After the GC is complete, the string above the callstack has been cleared, as envisioned. Also because the GC has been performed, the GC heap has been compressed, and the address of the object that has not been pinned has changed. So to verify that the hosted string is recycled, you can start by hosting the array. Since the array is pinned, its address will not change even if the action of the GC occurs. So you can list the strings that reside within the array by using the same command.
The result is consistent with my expectations. Only strings that are defined by the display remain within the array, and the strings are not recycled. A string produced by splicing zeros is not added to this array and is recycled after the GC has not been referenced.
0:000>!dumparray-details 0000000012a93030name:system.object[]methodtable:00007ffdb0805be0eeclass: 00007ffdb041eb88size:1056 (0x420) Bytesarray:rank 1, number of elements, Type classelement methodtable:00007ffdb0817 6e0[0] 0000000002a91308 Name:System.String methodtable:00007ffdb0817df0 eeclass:00007ffdb041e560 size:26 (0 x1a) bytes (C:\windows\assembly\GAC_64\mscorlib\2.0.0.0__b77a5c561934e089\mscorlib.dll) String: ... [1] 0000000002a93f30 Name:System.String methodtable:00007ffdb0817df0 eeclass:00007ffdb041e560 size:64 (0x40 ) bytes (C:\windows\assembly\GAC_64\mscorlib\2.0.0.0__b77a5c561934e089\mscorlib.dll) String::Run GC. Collect ()... [2] 0000000002a93f70 Name:System.String methodtable:00007ffdb0817df0 eeclass:00007ffdb041e560 size:66 (0x42 ) bytes (C:\windows\assembly\GAC_64\mscorlib\2.0.0.0__b77a5c561934e089\mscorlib.dll) String:Simplestring Method... [3] 0000000002a93fb8 Name:System.String methodtable:00007ffdb0817df0 eeclass:00007ffdb041e560 size:52 (0x34 ) bytes (C:\windows\assembly\GAC_64\mscorlib\2.0.0.0__b77a5c561934e089\mscorlib.dll) String:Concat String...
So, through the above observations, it is possible to conclude that the live string of the dwell period is very long. So, when will he be recycled?
From the above gcroot results, you can see that the mainstream array is pinned live. And the app Domain 0000000000c51880that references this array.

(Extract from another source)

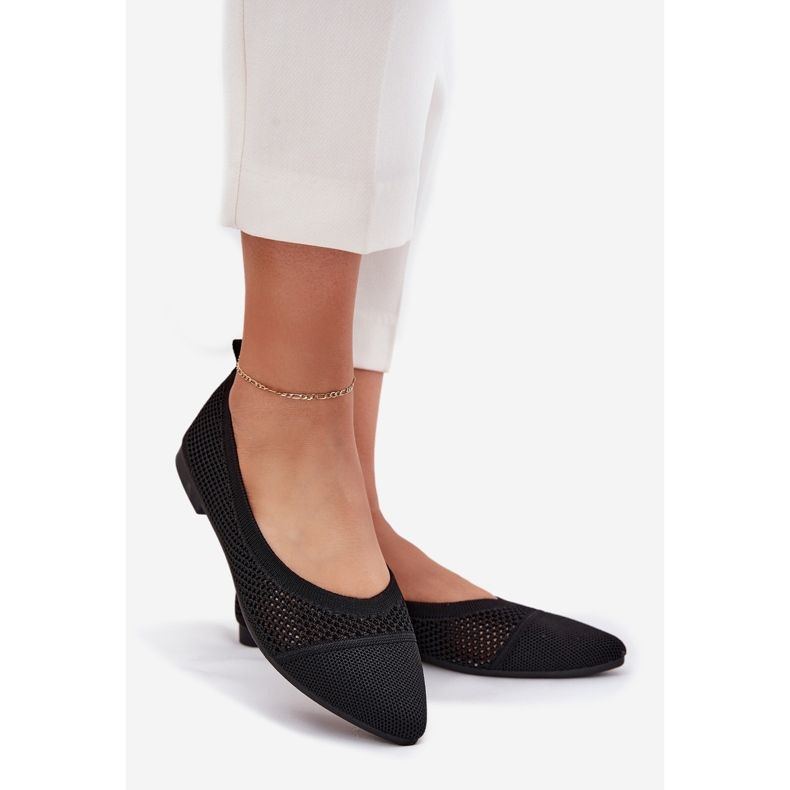 Naisten mesh balleriinit mustat 1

Print out all the app domain information using the!dumpdomain-stat command. You can see that this app domain is the domain (ConsoleApplication3.exe) where our code runs. This resident array is maintained by the CLR and is linked to the current app domain. So, theoretically, the lifetime of these dwell arrays is consistent with this app domain.

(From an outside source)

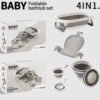 4 in 1 Foldable Baby Bathtub Set,Space-Saving,Ideal for Daily Baby Care,1 Bathtub,1 Mesh Mat,1 Scoop, 1 Bucket - Image 6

0:000>!dumpdomain-stat--------------------------------------System domain:00007ffdb1f16f60lowfrequencyheap: 00007ffdb1f16fa8highfrequencyheap:00007ffdb1f17038stubheap:00007ffdb1f170c8stage:openname: None--------------------------------------Shared domain:00007ffdb1f17860lowfrequencyheap: 00007ffdb1f178a8highfrequencyheap:00007ffdb1f17938stubheap:00007ffdb1f179c8stage:openname:noneassembly: 000000000047fa60--------------------------------------Domain 1:0000000000491880lowfrequencyheap: 00000000004918c8highfrequencyheap:0000000000491958stubheap:00000000004919e8stage:opensecuritydescriptor: 0000000000494140name:consoleapplication3.exeassembly:000000000047fa60 [C:\windows\assembly\GAC_64\mscorlib\ 2.0.0.0__b77a5c561934e089\mscorlib.dll]classloader:000000000047f820securitydescriptor:000000000047f9a0 Module name00007ffdb03e1000 C:\windows\assembly\GAC_64\mscorlib\2.0.0.0__b77a5c561934e089\mscorlib.dll
Write on the last side
- The constant of the string. String cross-characterization means that once a string is created, it cannot be changed. So that means when we change the string value, we redistribute a new piece of memory on the managed heap without affecting the value stored on the original memory address.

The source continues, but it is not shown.